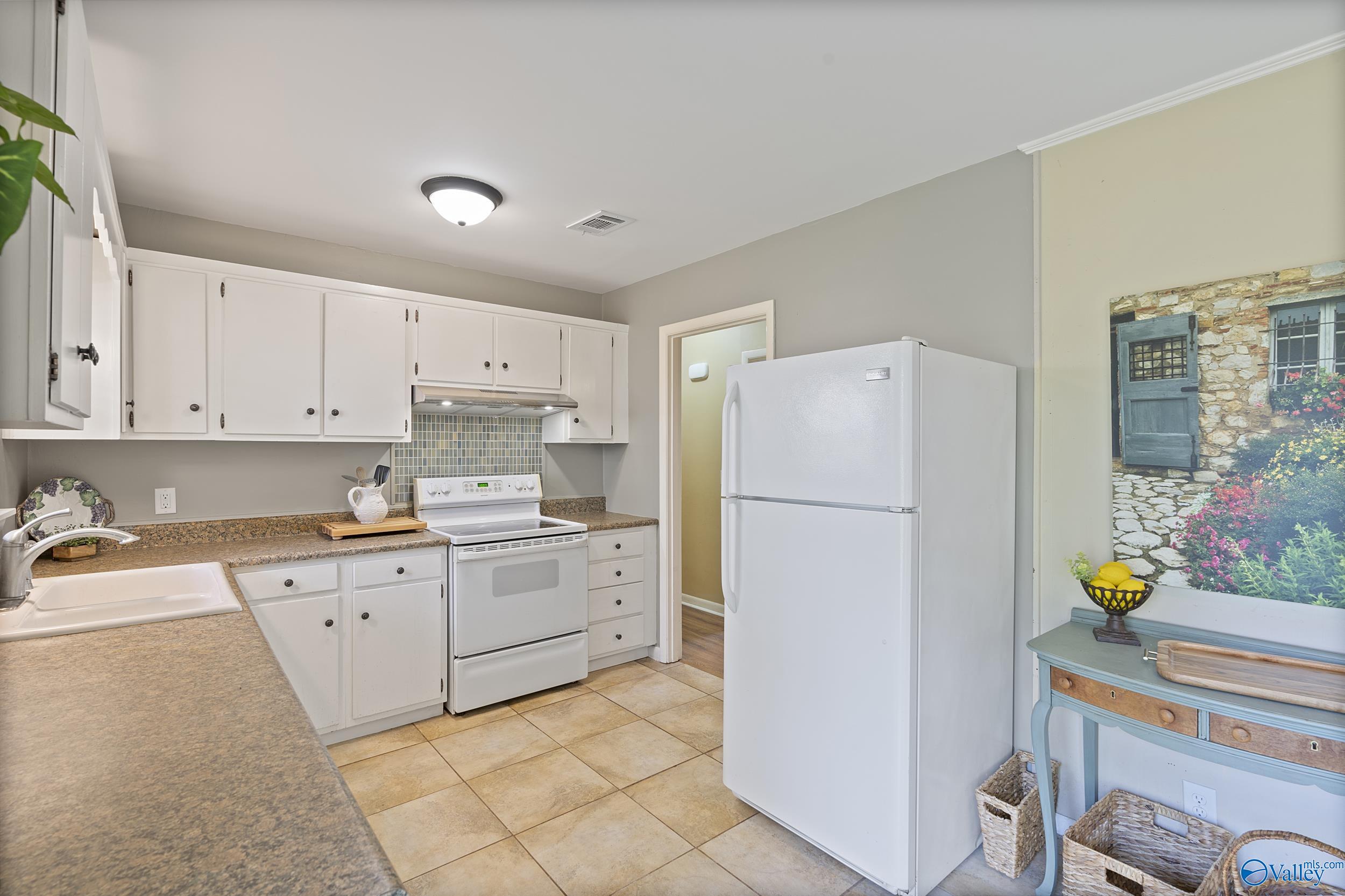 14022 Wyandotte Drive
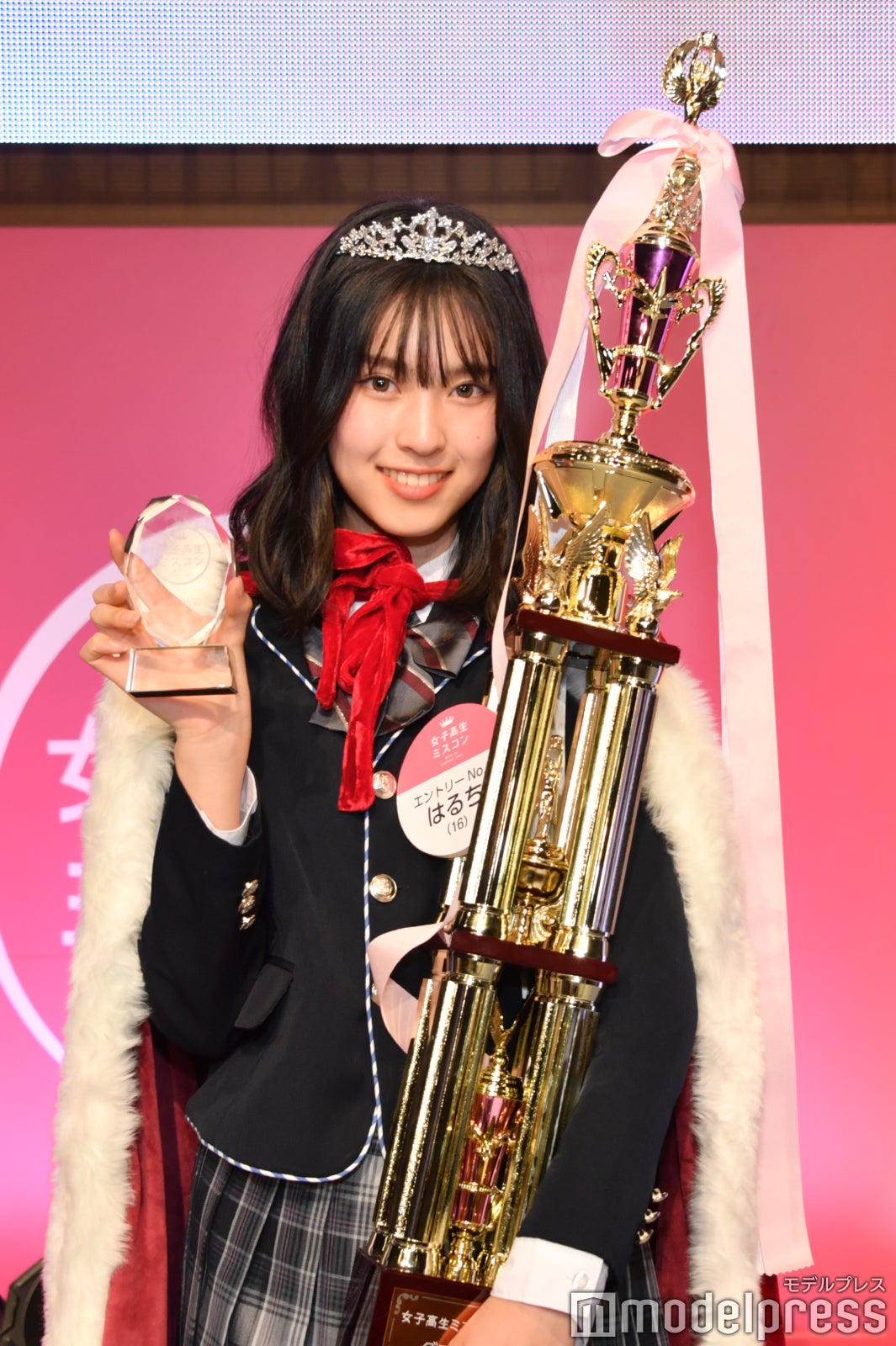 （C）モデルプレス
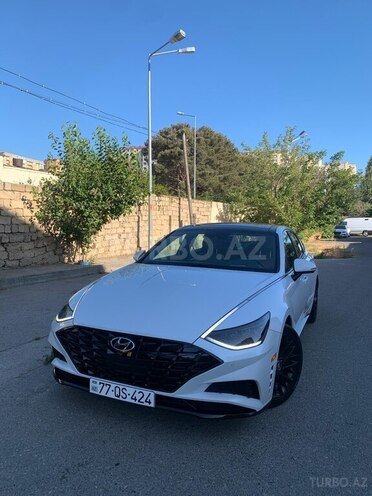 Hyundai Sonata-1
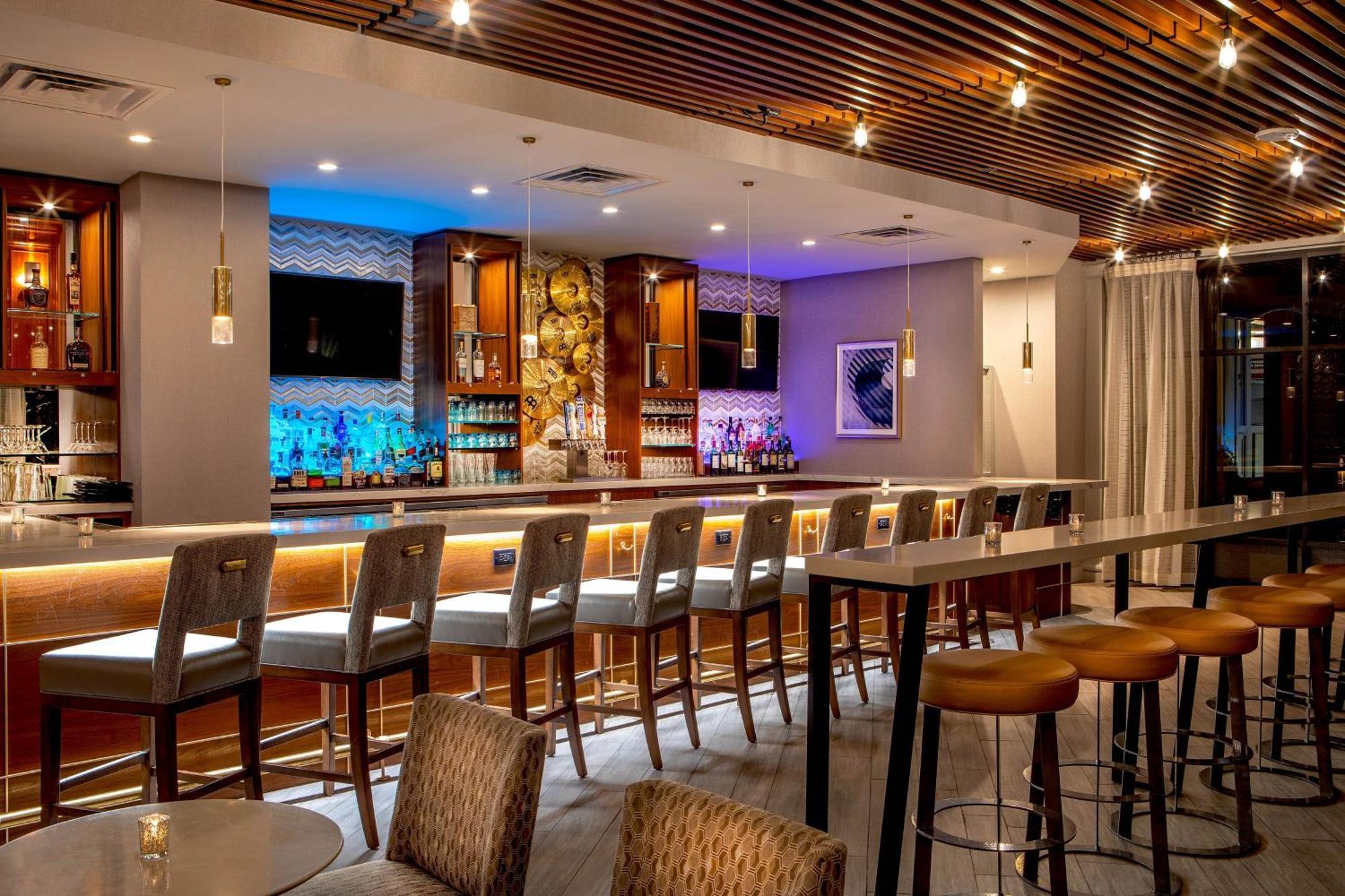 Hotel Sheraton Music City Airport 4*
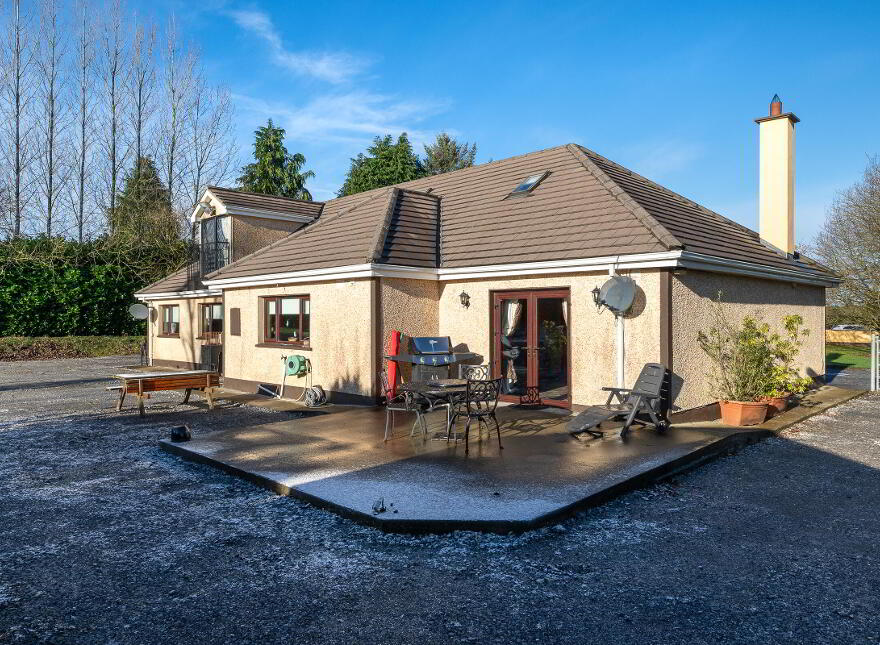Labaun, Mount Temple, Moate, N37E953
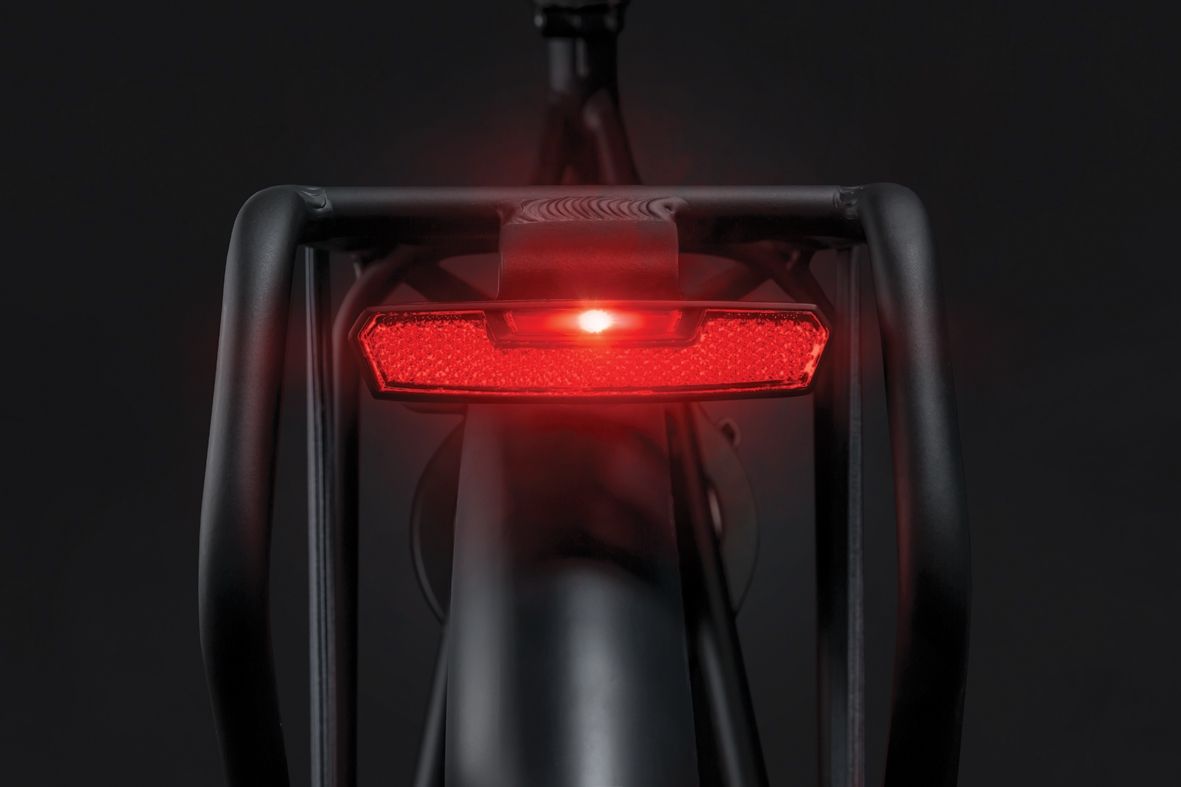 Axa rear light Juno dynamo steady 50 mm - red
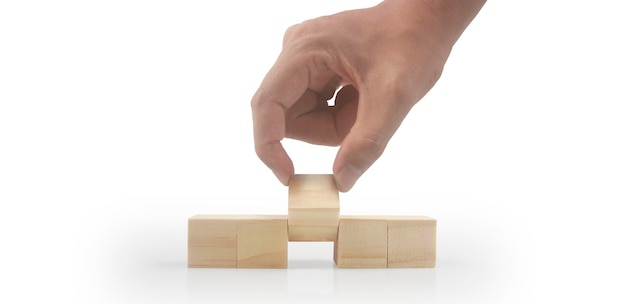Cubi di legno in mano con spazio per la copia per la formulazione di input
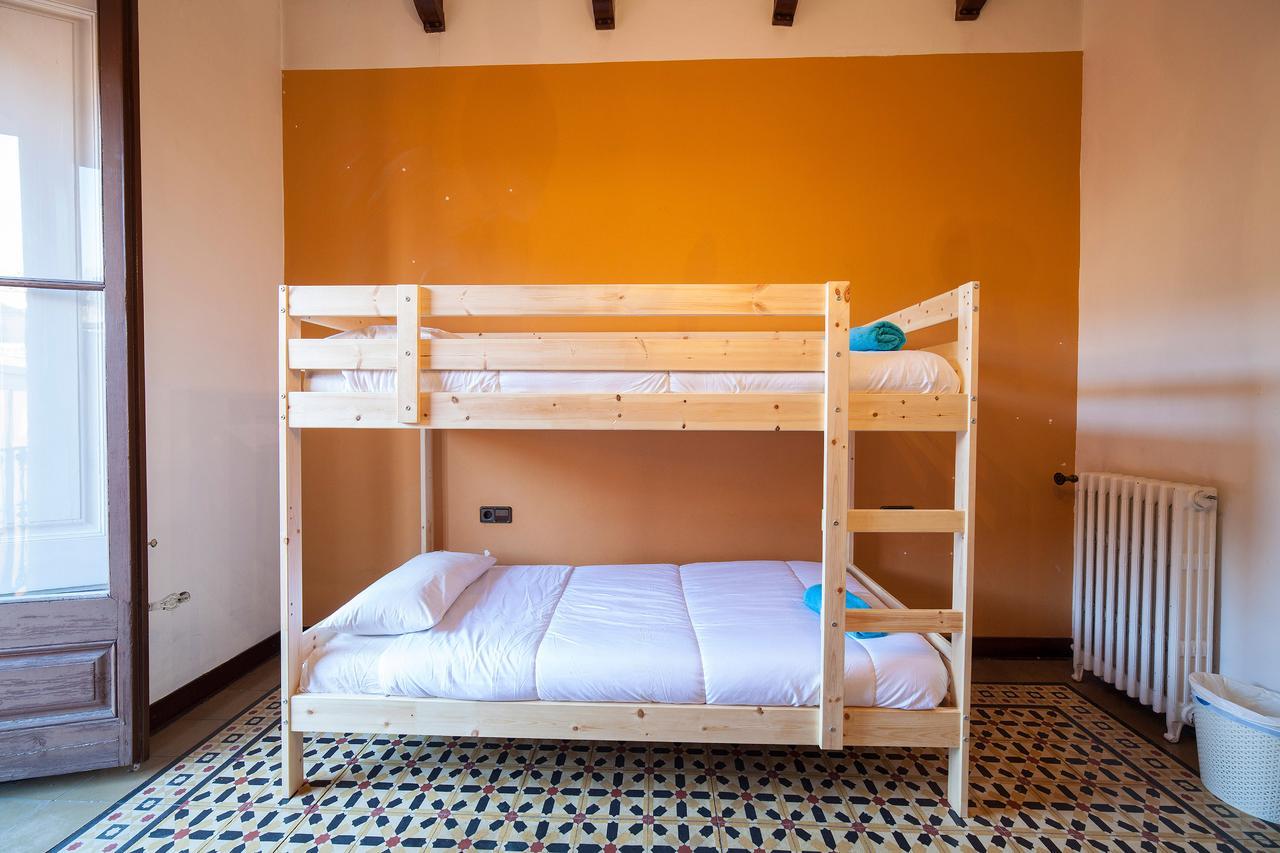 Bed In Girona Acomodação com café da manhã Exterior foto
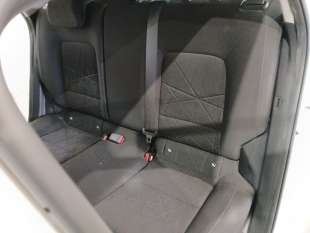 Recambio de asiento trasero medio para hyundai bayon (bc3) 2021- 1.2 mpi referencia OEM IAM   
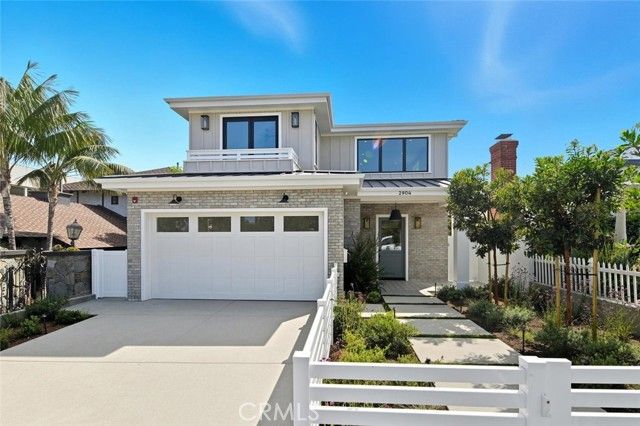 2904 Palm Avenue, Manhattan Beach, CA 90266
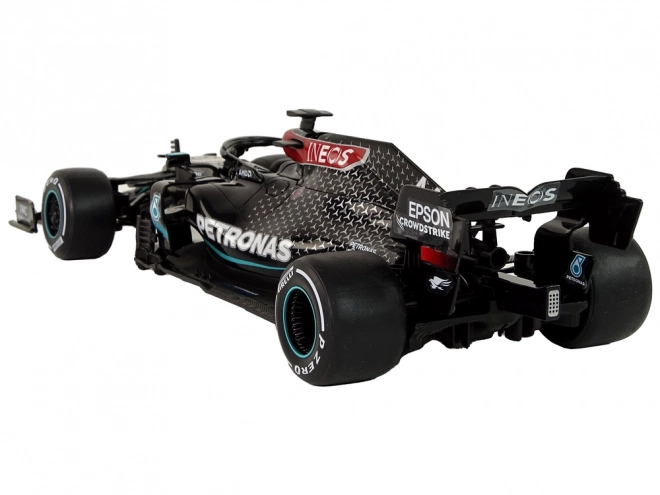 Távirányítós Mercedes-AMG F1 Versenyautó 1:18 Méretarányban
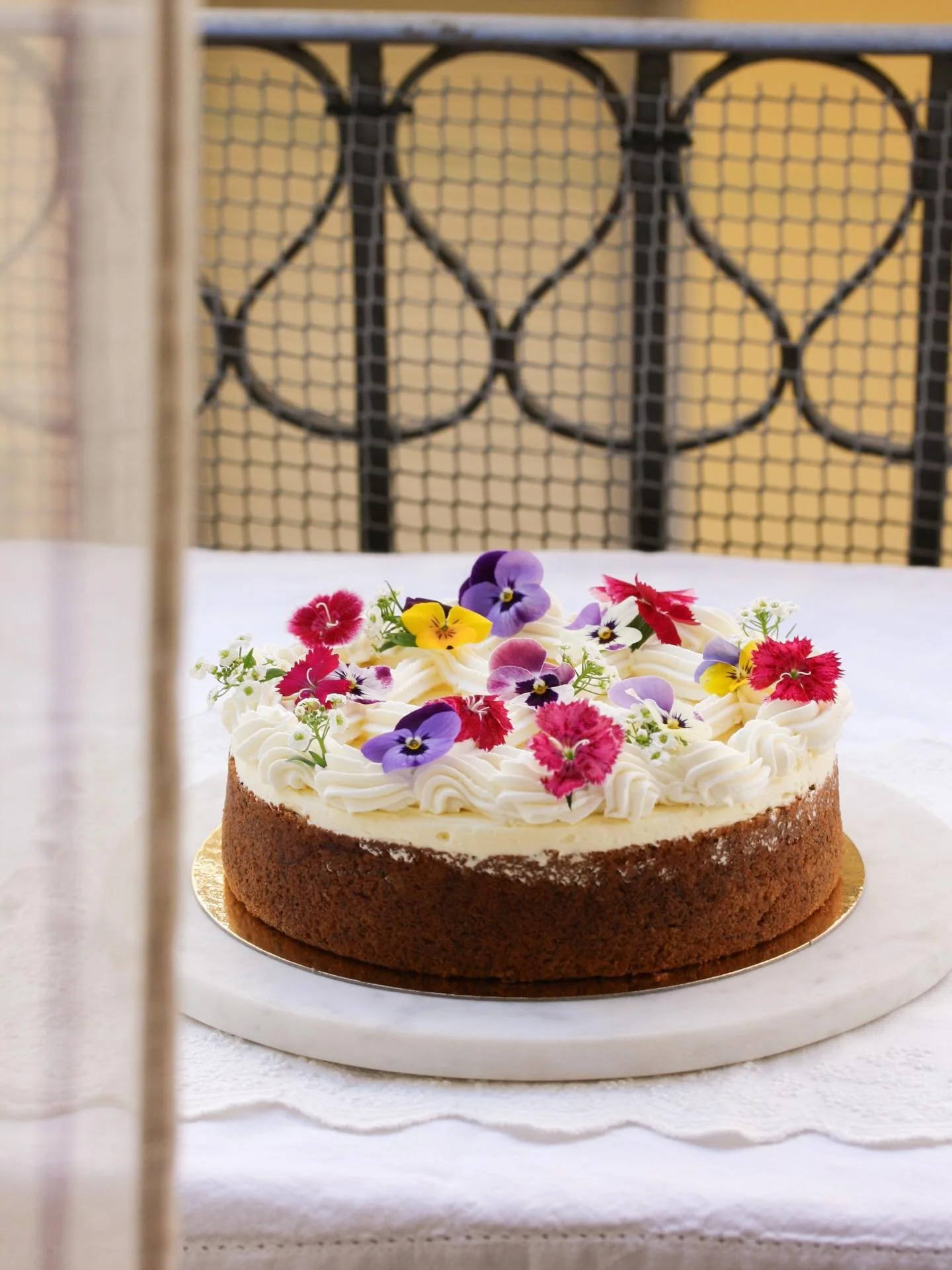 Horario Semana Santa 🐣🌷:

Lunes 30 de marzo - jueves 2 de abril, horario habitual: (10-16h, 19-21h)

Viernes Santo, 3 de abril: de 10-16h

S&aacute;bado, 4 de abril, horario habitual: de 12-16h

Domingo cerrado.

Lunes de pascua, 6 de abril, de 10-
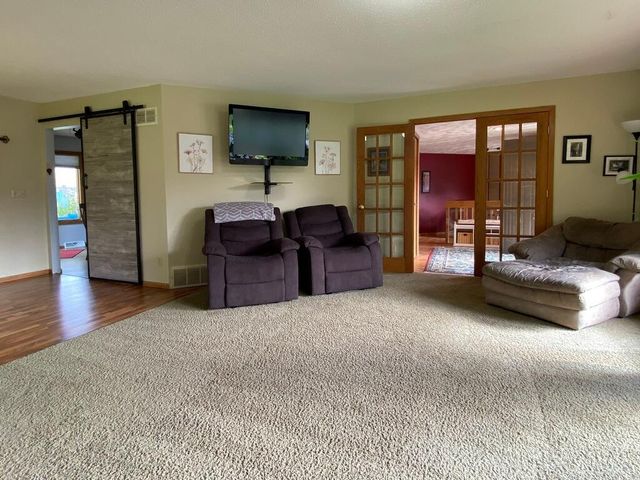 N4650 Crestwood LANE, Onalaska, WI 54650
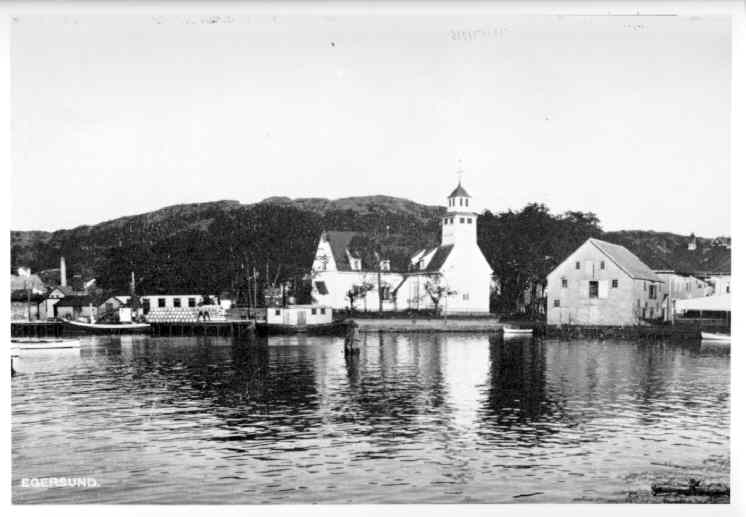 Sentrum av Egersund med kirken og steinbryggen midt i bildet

» EXERCISE GOAL: Some lines above may contain the string "habitual". State how many of them the records have, and nothing more.

» ANSWER TO THIS EXERCISE: 2